I thought this was a clever play on the author's part-- to the player character, it is just a game. Winning is not the goal here, and winning should be seen as at-fault because treating the situation like the game is what matters and people are only worth anything for the memory of their talents is the problem. The protagonist does not feel bad because they have never felt bad for this, not when they left Inai's villagers to die, and not in the game they play again and again.
strivenword, March 6, 2022 - Reply
I played it again, and now I notice the pattern about the creative process:

(Spoiler - click to show)Somebody less experienced, someone without your talent, would have remembered the day that the valley had flooded. The grain of that stiff lever in the hands that pulled, and then the impossible speed of the rising waters, the panic of those (foolish stubborn old) who had chosen to remain.

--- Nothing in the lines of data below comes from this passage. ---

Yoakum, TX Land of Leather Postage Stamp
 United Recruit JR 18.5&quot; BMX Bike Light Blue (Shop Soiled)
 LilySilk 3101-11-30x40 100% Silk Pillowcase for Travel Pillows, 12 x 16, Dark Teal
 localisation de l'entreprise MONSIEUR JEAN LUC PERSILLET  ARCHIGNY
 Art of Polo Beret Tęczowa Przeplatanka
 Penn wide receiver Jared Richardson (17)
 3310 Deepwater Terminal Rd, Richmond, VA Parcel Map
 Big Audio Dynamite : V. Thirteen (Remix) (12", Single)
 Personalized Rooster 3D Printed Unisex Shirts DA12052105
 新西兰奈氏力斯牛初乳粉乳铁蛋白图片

And extracted from this - an essence of what, exactly? The callousness of bureaucracies, perhaps. Something obscure and specific.

But you needed something useful. So instead, you'll remember the day on which the waters began to recede, and you saw what lay beneath, or did not. The nothingness of houses smashed to shards of broken wood. The silence. The emptiness. The drowned bodies of the rats.


It's about the activity of deliberate will involved in extracting creative meaning out of experience.

The game really is a well made little vignette about creativity.

Thanks for commenting on my old stick-ass review. I was stretching the relevance of a few favorite ideas far past their breaking point in those days.